## TASK STATEMENT
In the material below, find the span from the line with "Notto: Not-To-Do List Screenshot 2 of 5" to the line with "Eetkamerstoelen 6 stuks, Huis" and transcribe only those lines, exactly, ends included, without the pictures.

## EXCERPTED DATA
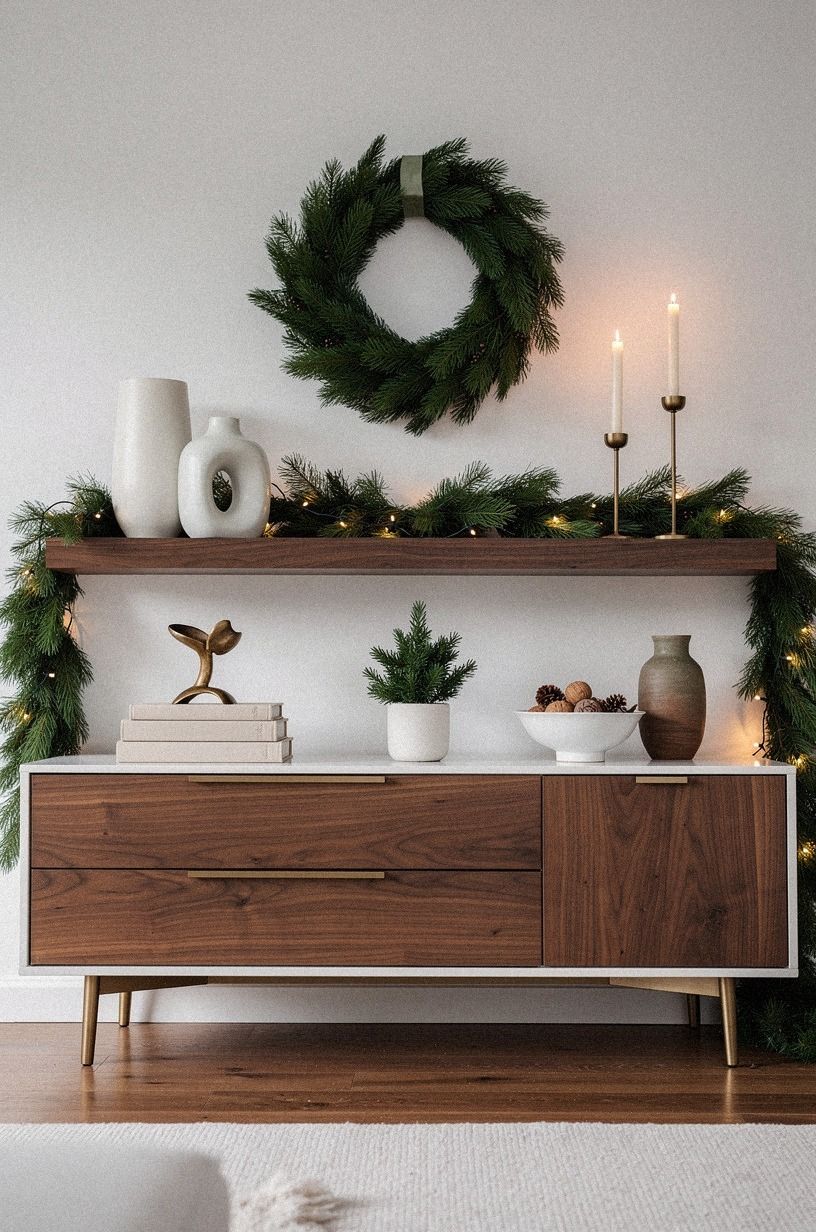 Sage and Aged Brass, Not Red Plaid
==
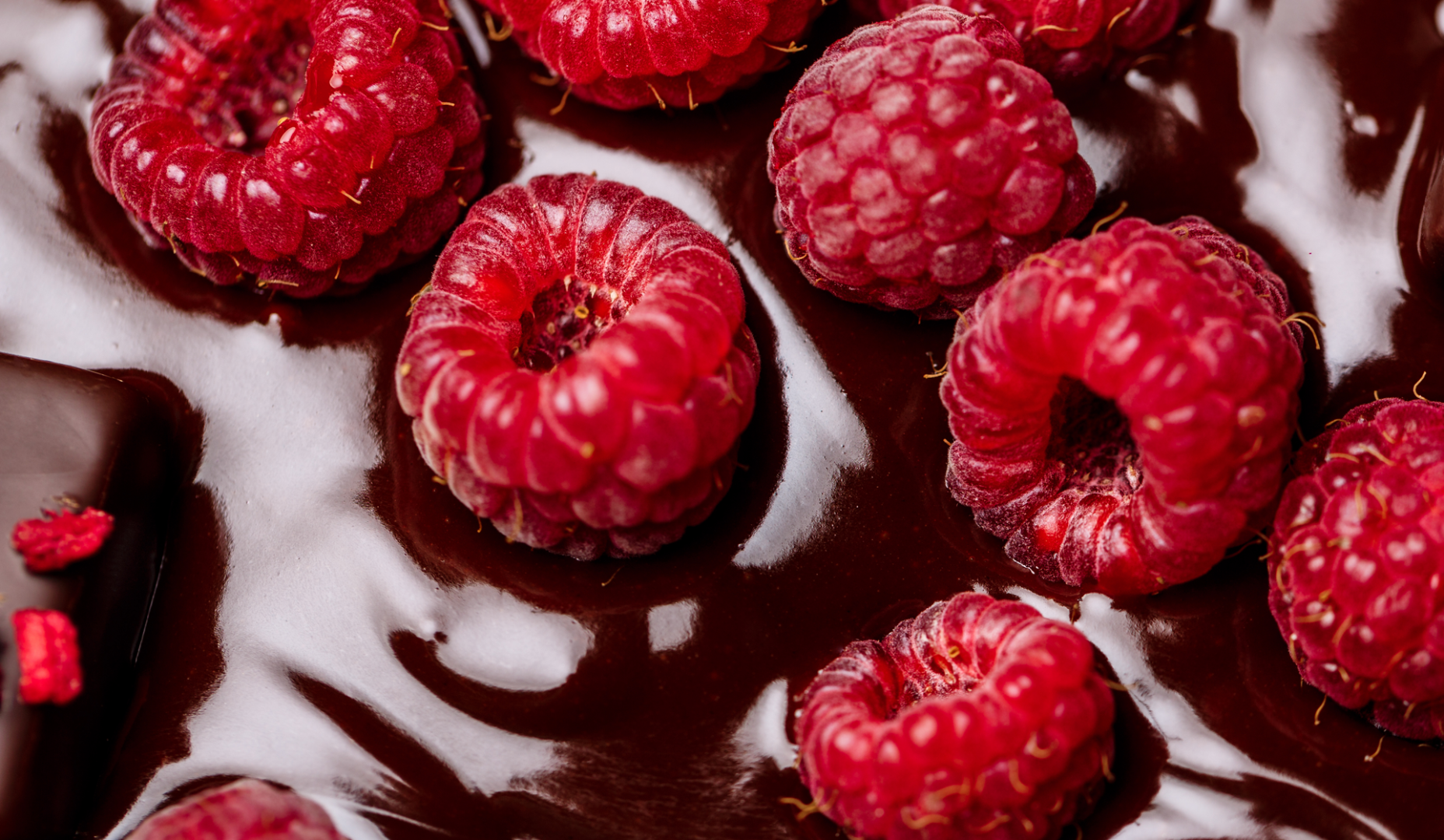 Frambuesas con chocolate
==
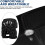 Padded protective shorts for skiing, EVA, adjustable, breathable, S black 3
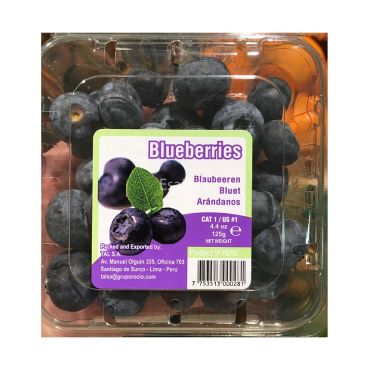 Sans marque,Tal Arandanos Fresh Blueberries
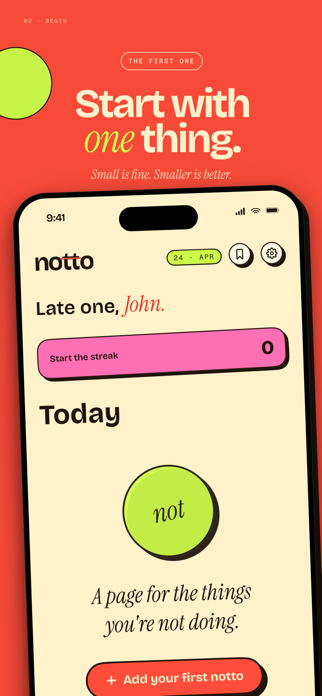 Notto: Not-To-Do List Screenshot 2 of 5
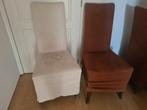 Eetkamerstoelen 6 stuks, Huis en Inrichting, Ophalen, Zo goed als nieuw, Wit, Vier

## ANSWER SECTION
 Notto: Not-To-Do List Screenshot 2 of 5
 Eetkamerstoelen 6 stuks, Huis en Inrichting, Ophalen, Zo goed als nieuw, Wit, Vier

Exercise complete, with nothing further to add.